There is also the caricature of funny or angry fat Black women – especially dark-skinned woman – who play a supporting role and are seen as aggressive or overly buoyant. (I use the term “fat” because, as a fat Black woman writing this, it’s not a bad word, nor do use it to dishonor or shame these women’s bodies.) These caricatures often lean on another stereotype, that of the angry or boastful Black woman. Additional stereotypes include Black women who love food through their struggles (Octavia Spencer in The Help again, Mo’Nique in Lee Daniels’ Precious [2009]); or who are unattractive because they are fat (Jennifer Hudson in Bill Condon’s Dreamgirls [2006] – the weight her character has gained due to pregnancy is meant to be unappealing); or whose size is comic relief (Whoopi Goldberg, also definitely representing dark-skinned Black women on screen, in Jerry Zucker’s Ghost (1990).

These representations remind me of the word “support,” and what it really means when the context is Black women always portrayed as caricatures, as one-dimensional, as stereotypes. Supporting something means holding part or all of the needed weight: support does the heavy lifting, often without recognition. The supporting role holds up the lead. When you think of Dreamgirls, who do you think of first? When you think of The Help, which character sticks out the most, with an iconic line that the whole audience went home repeating?

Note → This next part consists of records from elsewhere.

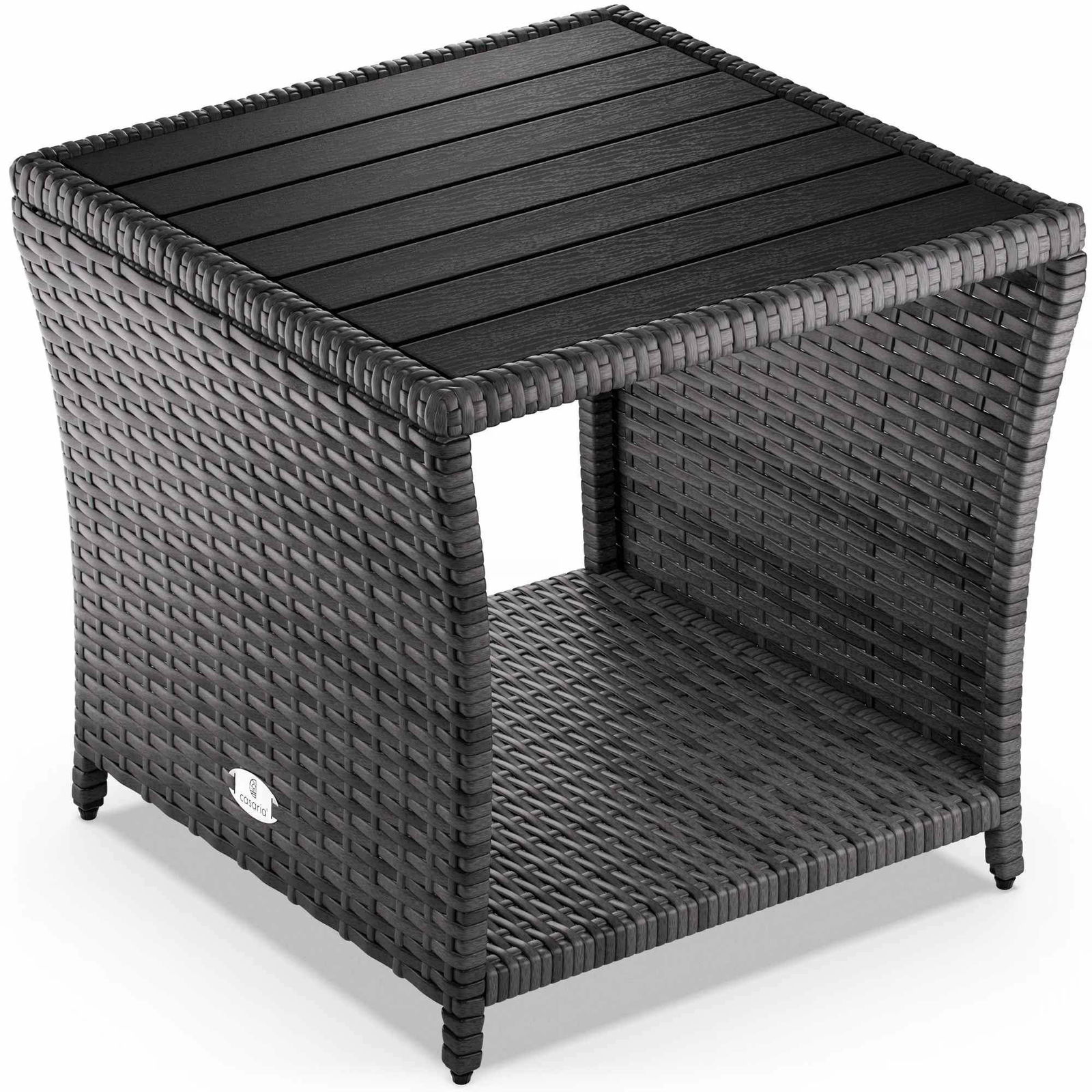 Polyrattan sidebord, grå, 45x45x40cm, indendørs/udendørs
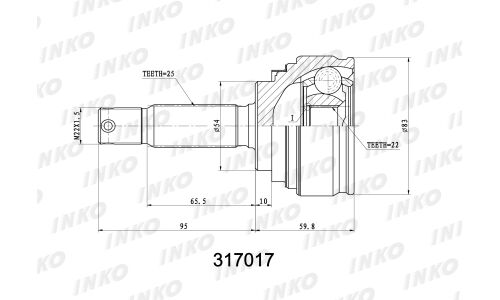 ШРУС INKO внешний, арт. 317017
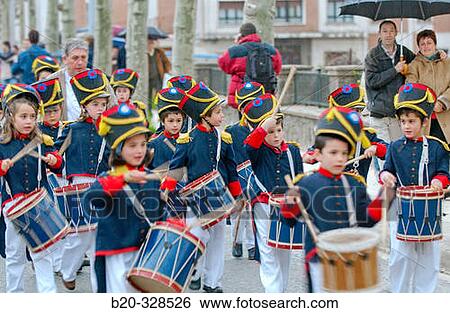 Stock Photograph - Tamborrada. Basque folklore. Fiestas de la Cruz. Legazpi. Gipuzcoa. Basque Country. Spain. Fotosearch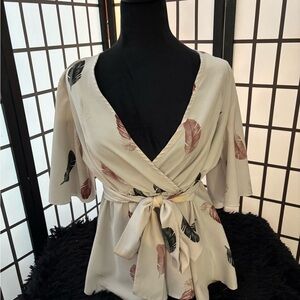 SHEIN Cream Feather-Print Wrap Blouse with Tie Waist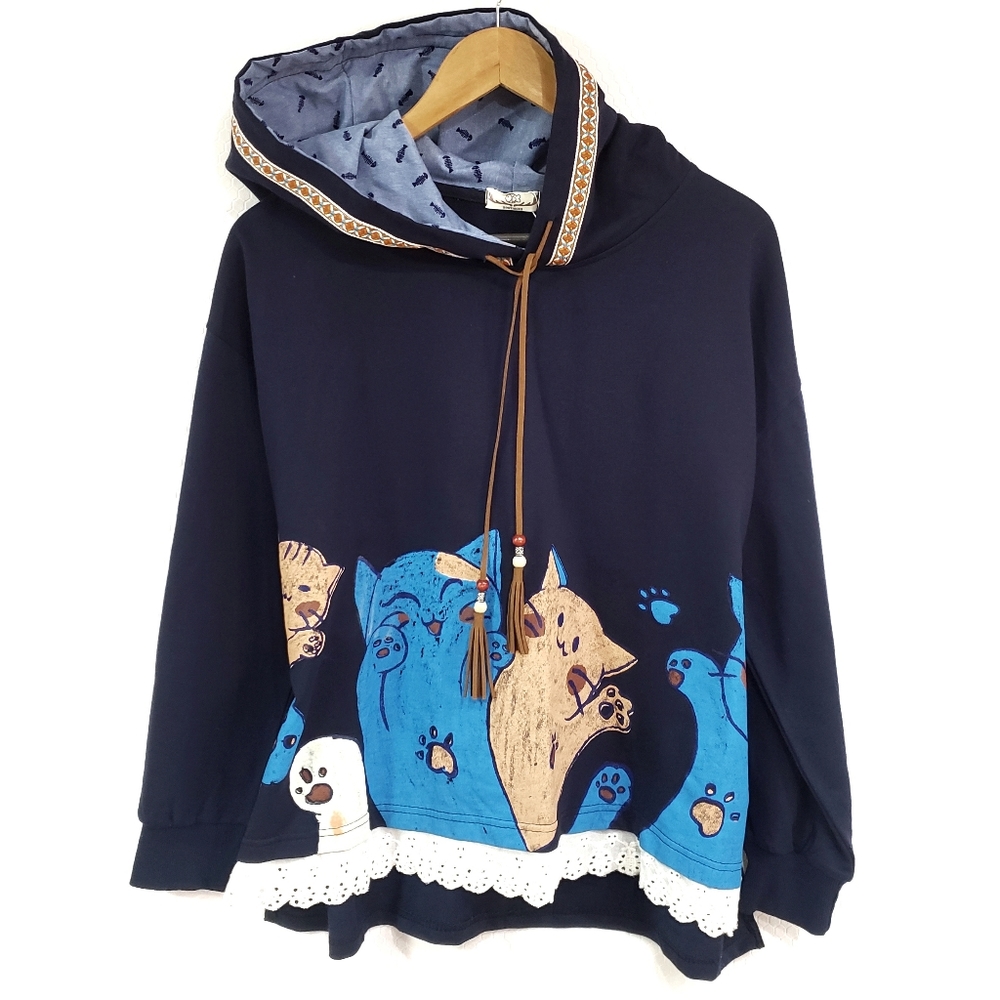 XL Playful Cat Asian Yue Ran Cotton Hoodie Navy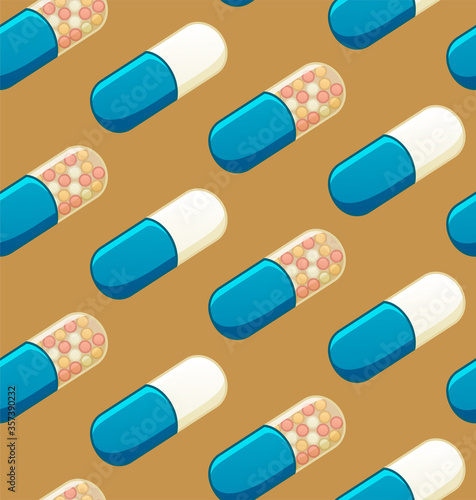 Flat style oval capsule pills seamless pattern on mustard background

These films leaned on their Black actresses after giving them supporting roles, roles that stereotyped the Black woman’s experience, when they should have centered them. The Black woman’s experience is far brighter, livelier, and fuller than what their best-known portrayers have been handed.

I have a slight bias toward both Regina King and Lupita Nyong’o: I think they are two of the best Black actresses of all time, alongside Viola Davis and Octavia Spencer. Regina King’s performance as Sharon Rivers in Barry Jenkins’ If Beale Street Could Talk (2018) was steeped in the subtle ferocity of maternal protection, and the film allows itself to sit with Rivers’ vulnerability and tenderness, ultimately sharing a side of Black women that we do not see portrayed often.

I think of the opposite when it comes to Lupita’s portrayal of Patsey in 12 Years a Slave. For Black women, there is no room for softness. There is only pain. And it is tiring. I feel myself disconnecting as I write about Lupita in 12 Years a Slave. I love her. I love her acting. I love Steve McQueen. But I do not want to talk more about 12 Years a Slave. You can find another article about that.

Ruth Negga as Clare Kendry in Passing (COURTESY: Netflix)

The absence of roles for Black women and not marred in pain or crude caricatures has been a consistent conversation amongst Black film critics. However, while this issue hasn’t disappeared, it also highlights a related problem: the loads of films with Black female leads that have been ignored and dismissed. Angela Bassett, in a 2019 interview with Andy Cohen on Watch What Happens Live, was asked if she ever felt robbed of an Oscar win. Bassett responded that she felt hurt by her loss to Holly Hunter, who won for her role in Jane Campion’s The Piano (1993) and referred to Hunter’s character as “the mute.” Not to mock disabilities or trauma-based speech impairments or disorders, but the Academy’s choice to award to Hunter over Bassett’s critically lauded performance in Brian Gibson’s What’s Love Got to Do with It (1993) remains astonishing. I make this comparison not to pit women against each other, but to ask what Black women have to do in order to win the Oscar for Best Actress. Bassett and Hunter are only one example of Black actresses not being afforded the quiet, slow-burn roles that white actresses so often recieve. 

After the Academy ignored both Ruth Negga’s and Tessa Thompson’s performances in Rebecca Hall’s Passing (2021) I wonder whether Negga or Thompson would have been nominated if only they had struggled more? If, like the Black women before them who were lucky enough to receive acting nominations, their tears, pain, and anguish had been less nuanced – or if their roles had been broader, more obnoxious even, than the Black pain of passing as a white woman? What do Black women need to do for the Academy to see them? Or do we simply have to wait another twenty years to win again?